Por supuesto, esa pretensión no es más que una fachada. Una mentira necesaria, pero mentira al fin y al cabo, una falsedad que Lanzmann intenta demoler y destruir, como medio de derribar cualquier barrera que permita distanciarnos - a nosotros, los espectadores contemporáneos - de esos horrores pasados. Este objetivo - plasmado en el derrumbamiento ante las cámaras del entrevistado, en la captura del momento en que la máscara cae y las barreras se derrumban -, se consigue de forma muy desigual y en ocasiones cuestionable.
El momento más famoso - y citado - es el del barbero de Treblinka, cuya profesión en el Israel actual seguía siendo la misma. Debo decir que para mí resulta demasiado obvio, ya que parece buscado, ensayado - en contra de lo que pretende la película de Lanzmann - e incluso algo obsceno, al producirse a la vista de todos los clientes de la barbería, robando a esta persona de su intimidad en ese momento decisivo.
De mayor resonancia y humanidad son otros dos. El primero, el que le acontece a Jan Karski, el correo enviado por la resistencia polaca para informar al mundo del exterminio de los judíos. De lo que vemos en la pantalla queda claro que ese hombre fue elegido por su capacidad memorística que le permitía reproducir con precisión los acontecimientos de los que era testigo, sin importar el tiempo - meses, años - transcurrido en el intervalo. Es precisamente en ese esfuerzo por recuperar esa información en el que se produce el derrumbe - ilustrado al inicio de esta entrada -, causado por el enfrentamiento repentino del testigo con unos hecho que pesar del tiempo no han perdido su magnitud y su horror.
Parte de la importancia de este derrumbe estriba asímismo en que Karski es uno de los pocos testigos no judíos que muestra compasión - dolor - ante el exterminio nazi, sentimiento que no es producto de una reflexión posterior, sino que fue contemporáneo a los hechos.
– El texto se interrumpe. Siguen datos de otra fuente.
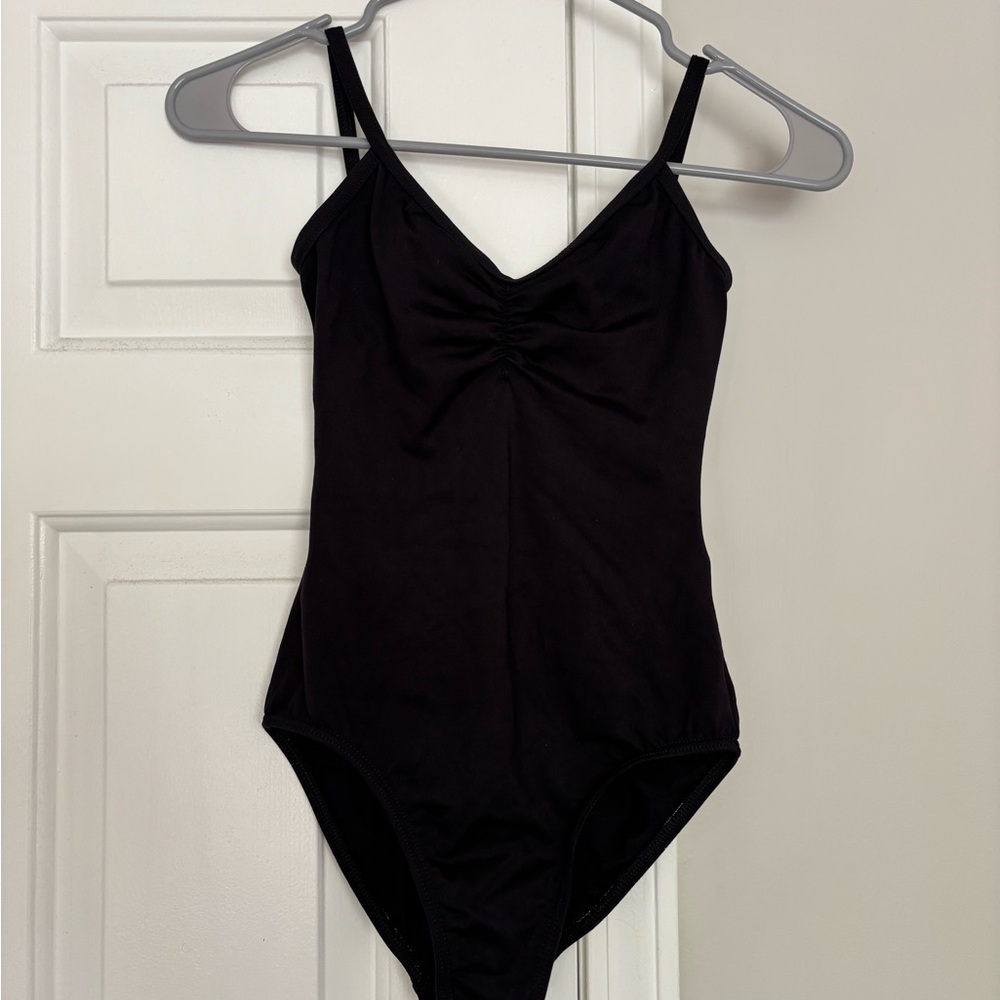 Black camisole leotard with mesh back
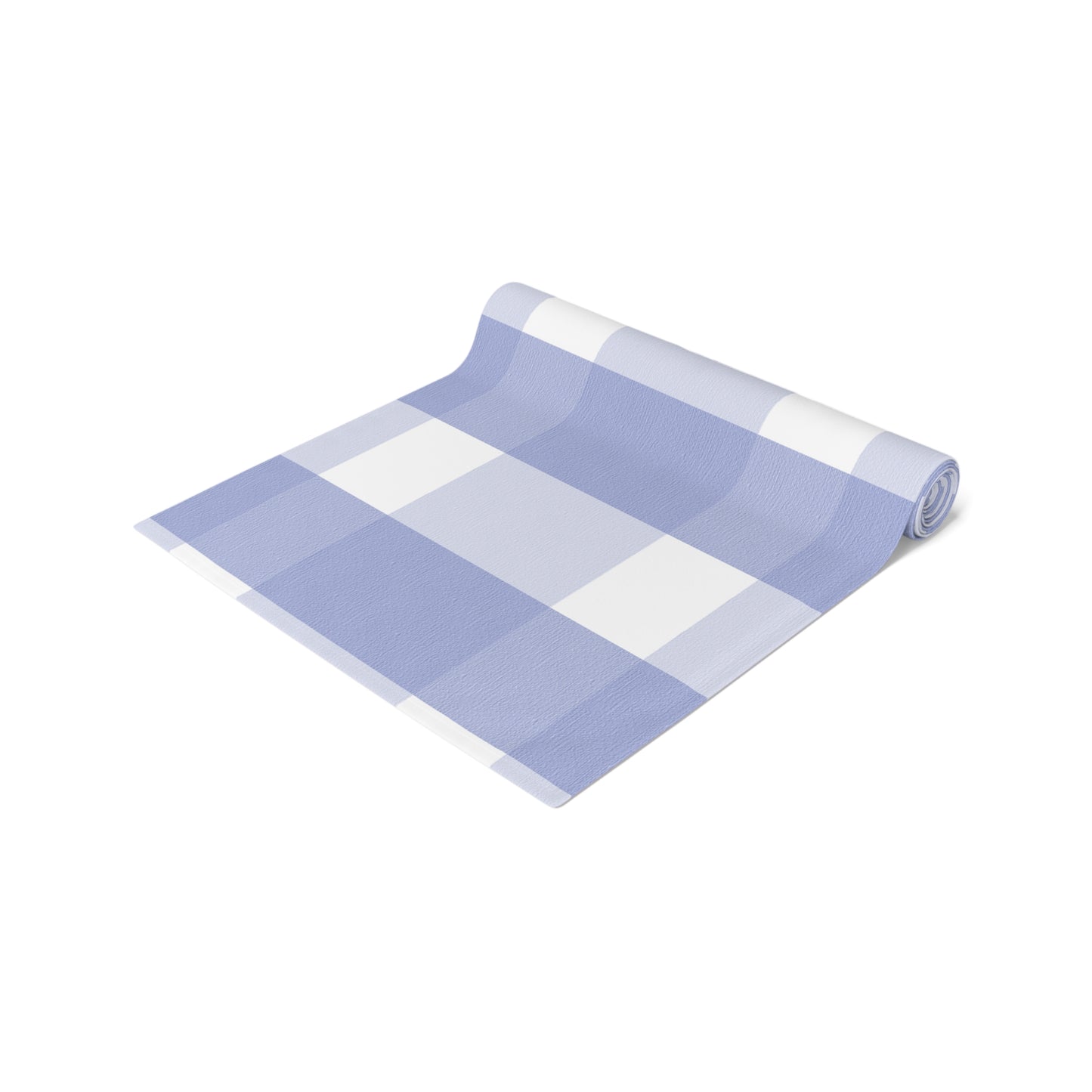 Periwinkle Gingham Table Runner — Casual Elegant Large-Scale Blue Check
Lo que Karski expresa sin palabras es lo que toda persona de bien debería haber experimentado en ese tiempo, y por tanto se convierte en absoluta negación de la ideología, según la cual un abismo biológico separaba a ambas que las hacía tan separadas como hombres y chinces, por consiguiente, incomunicables.
En ese sentido, tan crucial es el momento del derrumbe Philip Müller. A pesar de haber pertenecido a los Sonderkommandos que mantenían los crematorios de Auschwitz desde el primer momento, y haber sobrevivido a varias de las periódicas limpias que las SS realizaban, su desplome, en este caso de consecuencias casi trágicas, no se produjo hasta fecha muy tardía. El momento fue cuando un grupo de mujeres checas fue gaseada y Müller las escucho cantar, como última medida de rebelión, el himno nacional checo. En ese instante Müller, también de origen checo, sintió que estaban asesinando a sus compatriotas yi que ése era el límite de su resistencia, qué tenía que morir con ellos, destino del que le salvaron los propios condenados, ordenándole sobrevivir y testimoniar.
El detalle del sentimiento nacional no es baladí. Para los nazis lo que caracterizaba a los judíos era su internacionalismo, ser una plaga que no reconocía, con dirección y objetivos globales, entre los que se encontraba acabar con las naciones particulares. Sin embargo, como prueba viviente contra los nazis, este judío checo era, ante todo, checo, y lo que ocurriese a su patria, a sus compatriotas, era lo único que podía destruirle y aniquilarle, puesto que sin ellos, no sería otra cosa que un apátrida, un paria sin hogar ni refugio.